The Submarine and the Sea

When I was first laid off from my position, there were many words I used to describe the experience: divorced, ostracized, alienated, severed and amputated, no longer valuable. After all, the termination letter coldly stated that due to organizational restructuring resulting from the pandemic, my position - which had been "mission-critical" to get students back to campus; the same position that was essential for helping students navigate being on a campus where counts and cases were the new normal - was "no longer necessary." I had risked my mental, physical, and emotional health for this position. Like many other higher education professionals, I spent months in psychological turmoil as positions disappeared, as friends and colleagues lost their livelihoods, as anxiety and unrest settled in the pit of my stomach. So being let go felt more like being discarded.

I was not an isolated incident. Research on derailment and how higher education professionals process job loss discovered that many of us liken the sudden separation from our professional community to a divorce or some form of dismemberment (Strietzel, 2021). But in the midst of these roaring thoughts and raging emotions, one image became symbolic of how I was processing my experience: it was one of me, now out in the open sea on a dingy.

I don't know how to swim. In fact, I fear drowning, which has made it very difficult for me to learn. So you can imagine the feeling of being out in the open sea with nothing but a small dingy can be unnerving. And it was… it is unnerving. However, it has also been liberating.

In the 16 months since I was "let go", I reassessed my voyage out to sea as an adventure. I was not "let go", I was "set free" to explore the endless possibilities and unchartered courses of this sea. I challenged myself and took risks. I wrote and got published. I presented at conferences, and developed workshops, started a consulting practice.
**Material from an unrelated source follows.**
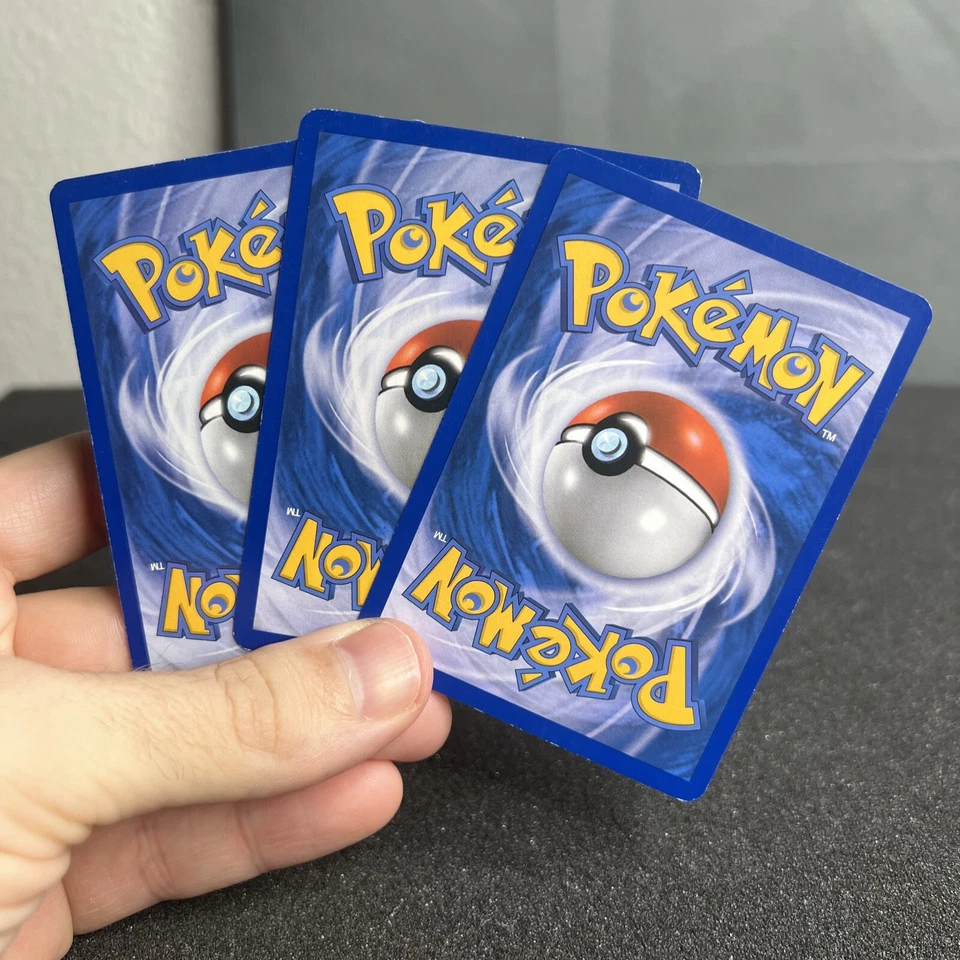 Slugma 67/90 Undaunted Pokemon Card Non-Holo 3 - Image 4 of 4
I went to therapy and invested in my own wellness and development. I learned how to use my voice in the service of my vision, as Audre Lorde urged us. I grew a fondness for the sea. Her peace and her rage. Her beauty and her violence. And even though I was in this dingy, restrained by the limitations of its limited provisions, there was - there is - this intoxicating freedom allowing me to be. Allowing me to navigate every new adventure as a more self-assured version of me.
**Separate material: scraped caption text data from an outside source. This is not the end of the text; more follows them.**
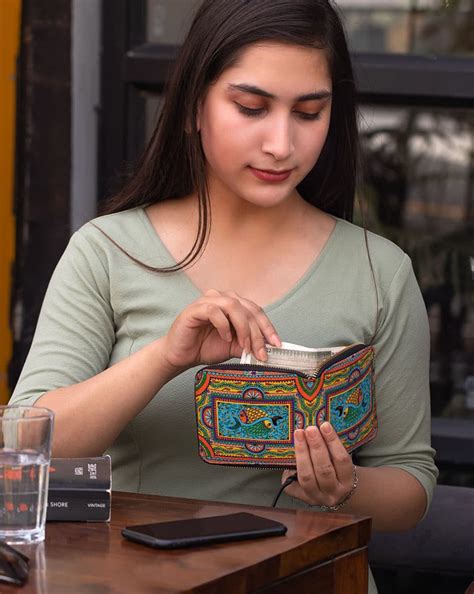 Wallets For Women | Modern Madhubani – Kalankit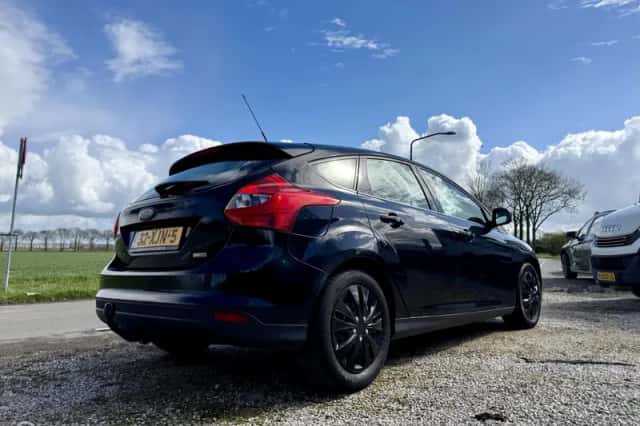Ford Focus (2012) thumbnail 6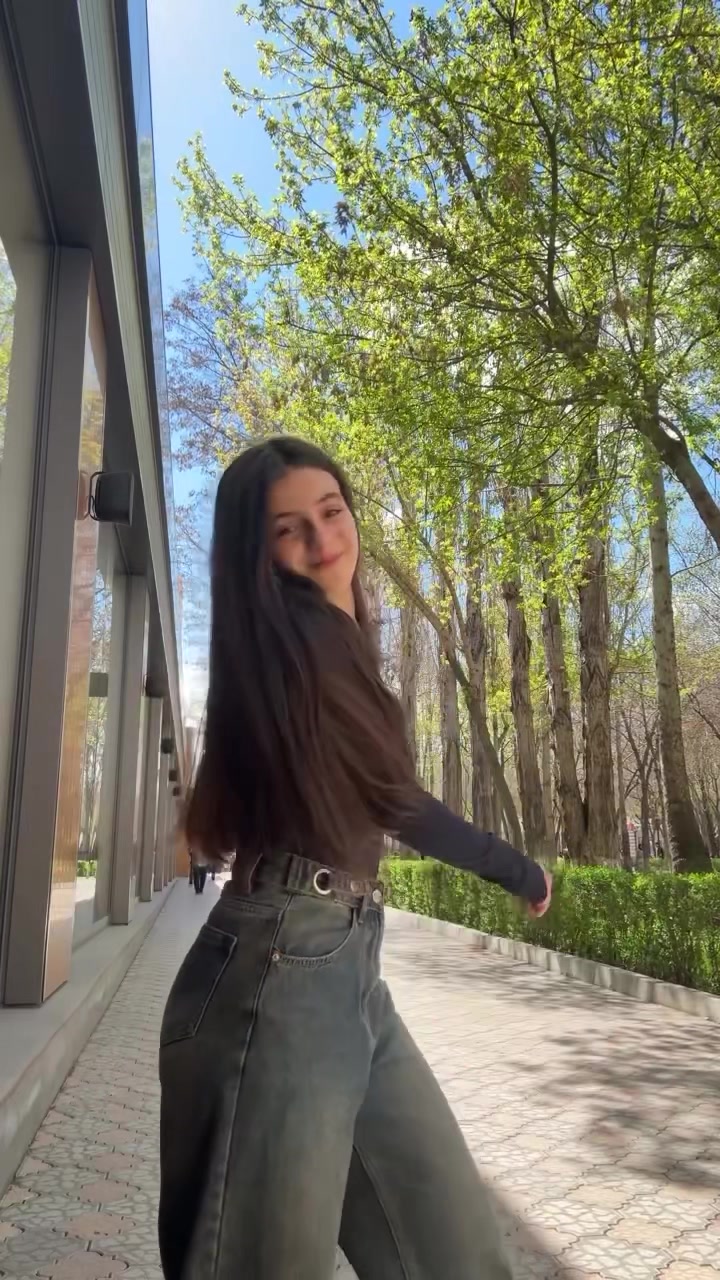 @Ani 🕊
Throughout this time, there has also been a recurring alternative: the submarine. Returning to higher education felt… feels eerily like signing up to live on a submarine for a few years. The submarine is large, much larger, and safer than my little dingy. It has provisions and sleeping quarters. It offers protection from the elements and from my fears. It provides stability with its guidelines and structures. Naturally, a submarine is a better option than a dingy on the open sea! Naturally to sacrifice the freedom to breathe fresh air, to feel the sun kiss my cheeks and dance across my eyelids, to suffer joy for safety was - natural?
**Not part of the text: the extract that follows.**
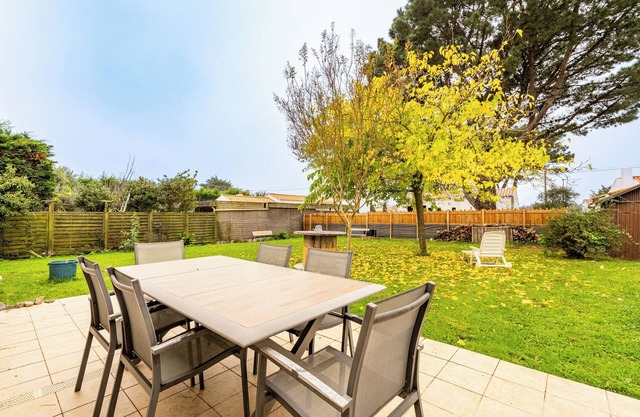 Holiday Home 'Ker Pathabac' with Private Terrace, Private Garden and Wi-Fi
I've been here before, at the intersection of sailing out to sea seemingly aimlessly or climbing on board a submarine. I made the natural choice before without considering what I naturally needed. I want - I am choosing differently this time. I have experience navigating the sea, this time. I know what I need to have joy and safety, this time. This time, it is not between the submarine and the sea, it is between the sailor and the captain.